How To Achieve Stephenie Meyer's Twilight Writing Success
Some writers struggle for decades, turning out novels, short stories, submitting to literary journals, agents and publishers, collecting small royalty payments here and there and working their 9 to 5 job for the duration of their writing careers. Others have a dream about a vampire who loves a human but wants to drink her blood, knock a novel out in three months and sell it for a $750,000 advance. Stephenie Meyer falls into the latter category, which alone is enough to make a vast number of less fiscally successful authors want to stab her with a blunt crucifix.
Twilight, in case you have been hiding under a rock with your ears plugged to the shrieking of hundreds of thousands of teen girls, is a tale of a fairly whiny teenage girl with low self esteem falling obsessively, head over heels in love with Edward, a brooding vampire whose family conveniently only drink animal blood and enjoy the all American sport of baseball as a past time.
Stephenie Meyer is quite often compared to JK Rowling due to the fact that her accessible and popular books have found a widespread fanatical following worldwide.
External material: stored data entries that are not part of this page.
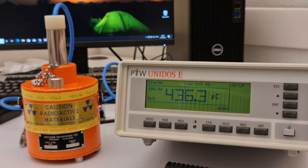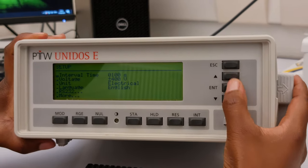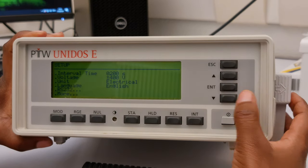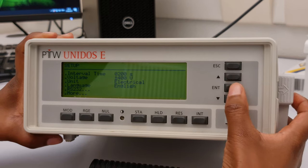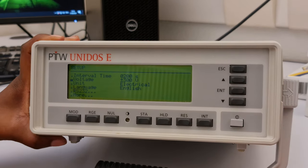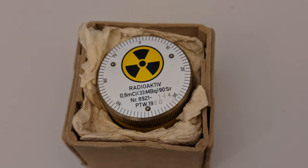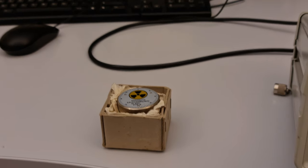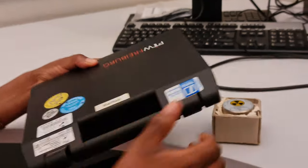Moving on to the next detector, which is a plane parallel chamber — in our case the Advanced Markus. We set the electrometer, the interval time, the voltage, and then we are ready to take the measurements. The radioactive source we are using is still Strontium-90, just of a different shape, and the detector is the Advanced Markus.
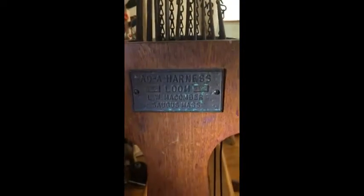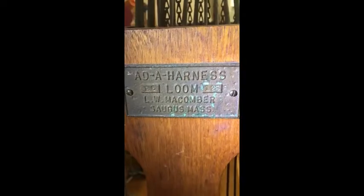Built in 1942, she's a 40-inch, 12 treadle, 10 harness B5 loom. Made in Saugus, Massachusetts in 1942. Number 126.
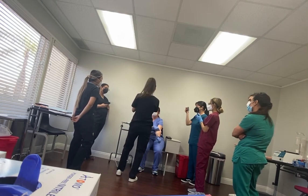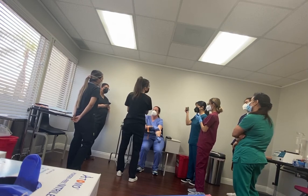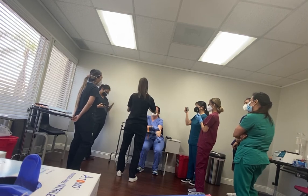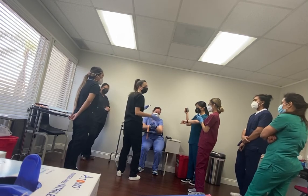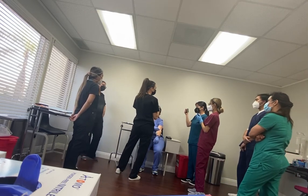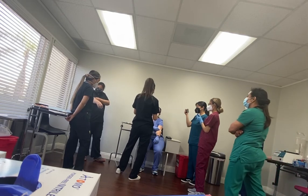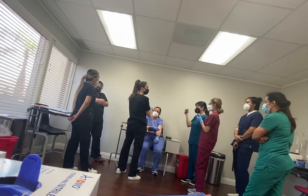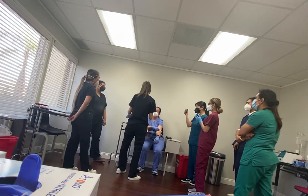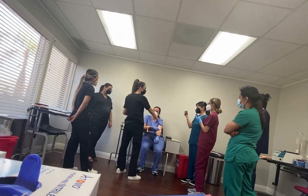When labeling, always put their first name, last name, date of birth, and the military time — for example, if it's 1 o'clock, write 1305. Then add your initials and your employee ID number if you have one. While you're doing all of that, the patient is still holding pressure the whole time.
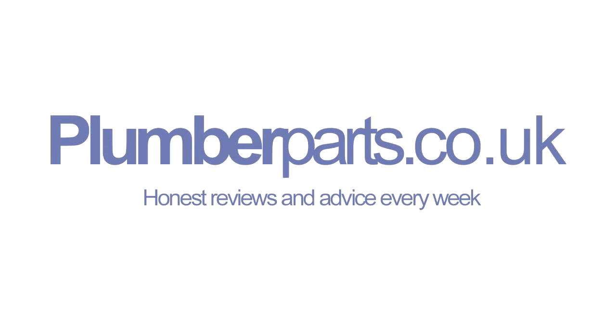I hope you found today's video informative. If you think we missed anything out or didn't quite cover it properly, do let us know. As ever, favourite and subscribe to our videos. Thanks for watching guys, and I'll see y'all later. Plumberparts.co.uk — honest reviews and advice.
Opinions on the caliber of her writing vary, with Stephen King famously quoted as saying: "Stephenie Meyer can't write worth a darn. She's not very good."
The rub here, the bitter pill for creative writing majors to swallow is that it doesn't matter whether or not Meyer's writing is "good". All that matters is whether or not it can draw its audience into this fantasy world where they can be loved by this superhuman beautiful vampire man for all eternity. Judging by the sheer popularity of the series, it is obvious that Meyer's writing more than suffices on this front.
- Take an existing best selling classic novel plot. (Twilight was based on Pride and Prejudice, and the ensuing books in the series took their cues from other classics such as Romeo and Juliet, and Wuthering Heights.)
- Add a pinch of the supernatural and a heavy dose of wish fulfillment.
- Knock that sucker out. Don't worry about being "literary", in fact, eschew all literary aspirations, write for the common man. Most importantly, finish the damn thing. (Writers know what I am talking about.)
Is it really this easy? Keep an eye out for my upcoming novel: 'Netherworld', the story of an average middle aged divorcee office assistant who discovers that her sexy brooding boss is a daemon king.